The rest of the paper is organized as follows. The principles of SFQ technology and multiphase clocking are reviewed in Section II. The CP-SAT-based method for phase assignment is presented in Section III. PB DFF insertion are described in Section IV. Experimental results and comparison with the prior works are provided in Section V, followed by conclusions in Section VI.

# II. BACKGROUND

A logic network  $\mathcal{N} = (\mathcal{V}, \mathcal{E})$  is a directed acyclic graph (DAG) where  $\mathcal{V}$  is a set of nodes and  $\mathcal{E} \subseteq \mathcal{V} \times \mathcal{V}$  is a set of edges. The set of nodes  $\mathcal{V} = \mathcal{I} \cup \mathcal{O} \cup \mathcal{G}$  consists of three disjoint subsets representing, respectively, the primary inputs (PI), primary outputs (PO) and gates within the network. A

set of fanins FI(g) (fanouts FO(g)) of gate  $g \in \mathcal{V}$  denotes the nodes connected to g via and incoming (outgoing) edge.

Technology mapping refers to the process of transforming an arbitrary logic network  $\mathcal{N}$  into a technology-specific representation  $\mathcal{N}'$  using a particular set of primitives. The technology mapping aims to optimize the target characteristics of the mapped network  $\mathcal{N}'$ , such as area, delay, or yield The nature of a technology greatly influences the technology mapping process. In the next subsection, the properties of the SFQ technology are reviewed.

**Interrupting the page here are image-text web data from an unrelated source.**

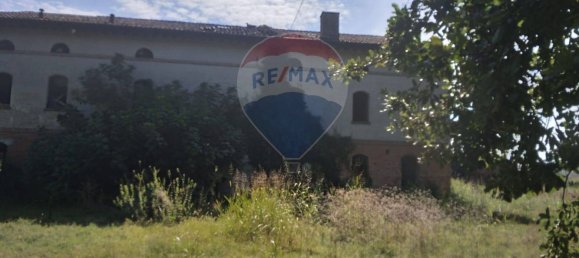 4 bedrooms House in Bomporto, Italy No. 352667 5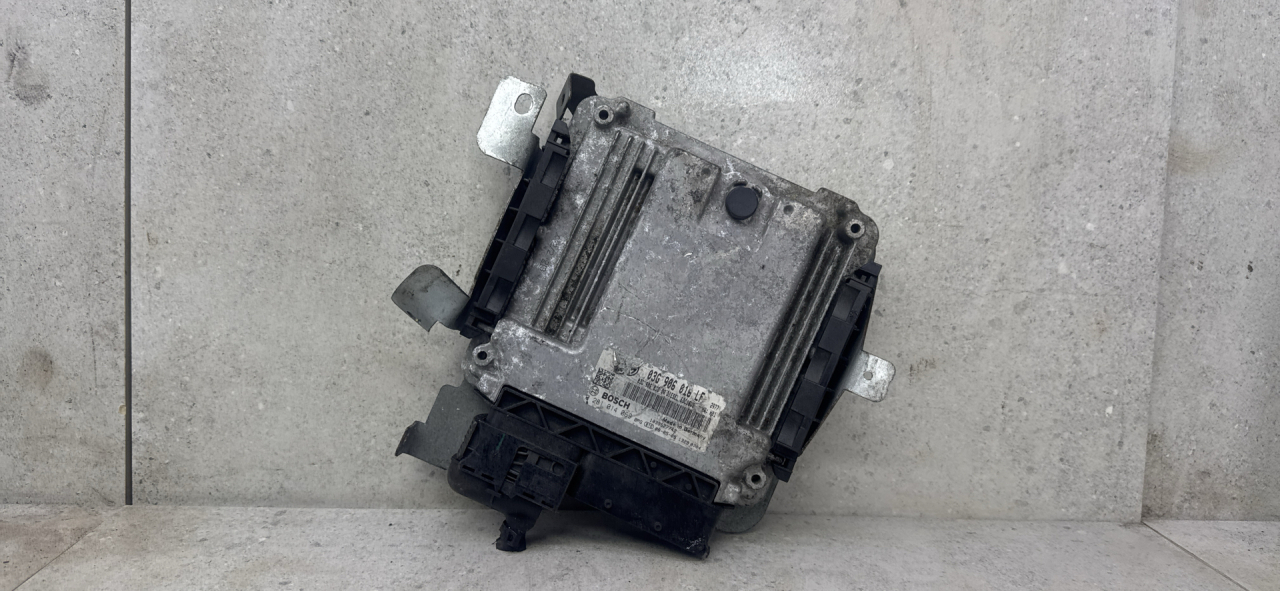 блок управления двигателем Volkswagen Caddy 3 поколение 2004, 03G906016LF - фото №1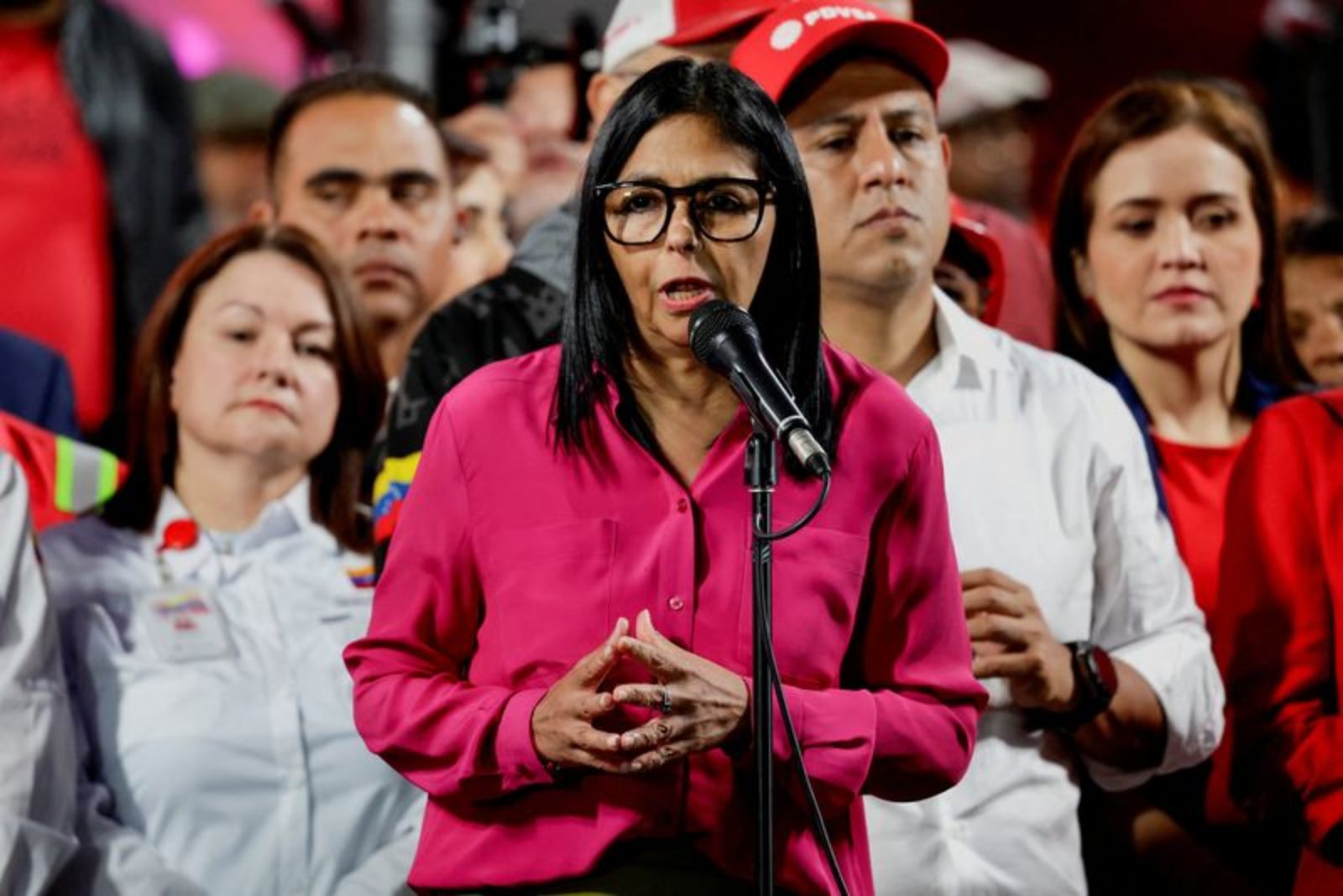 Venezuela’s Interim President Meets U.S. Envoy as Bilateral Ties Edge Forward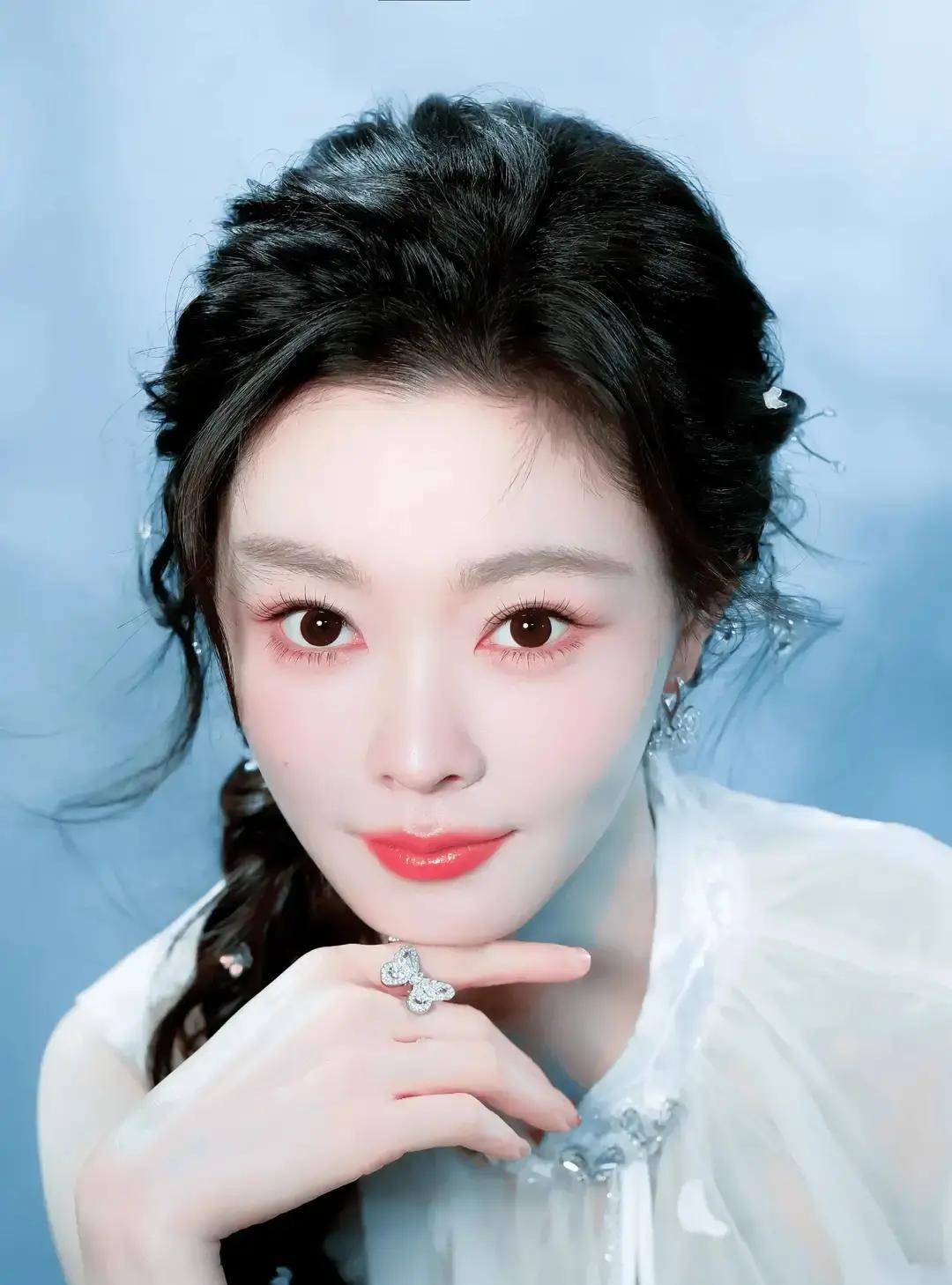 宋铁在直播里亲口承认他爸是修锅炉的，妈是小学老师，之前吹的富二代全是包装。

### A. Single-Flux Quantum technology

Rapid Single-flux Quantum (RSFQ) is a cryogenic superconductive computing logic family based on Josephson junctions (JJ). RSFQ gates consist of superconductive loops storing quantized magnetic flux. The information is transferred between the superconductive loops in form of SFQ pulses with the area of  $\Phi_0 = \hbar/2e \approx 2.07$  mV·ps [9]. Based on synchronization mechanisms, the SFQ logic gates can be divided into three major categories [16].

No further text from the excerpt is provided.